* **What is expected**
Omit all pictures. Quote only the lines from the one with "Βαλίτσα Trolley 20'' με σχέδιο ρόμβους" through the end of the material below.

* **Available data**
========

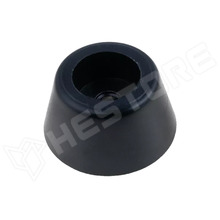 NF-008 / Gumiláb, fekete, besüllyesztett fejű átmenőfurattal, Ø20 x 10.5mm (NF-008 / FIX&FASTEN)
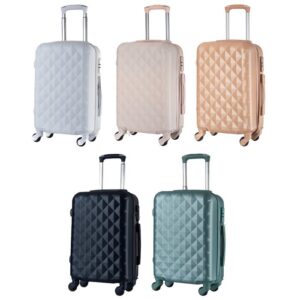 Βαλίτσα Trolley 20'' με σχέδιο ρόμβους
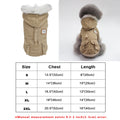 Urban-Rider™ Vegan Leather Jacket: Windproof Winter Coat for Small & Medium Dogs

========

* **Solution**
 Βαλίτσα Trolley 20'' με σχέδιο ρόμβους
 Urban-Rider™ Vegan Leather Jacket: Windproof Winter Coat for Small & Medium Dogs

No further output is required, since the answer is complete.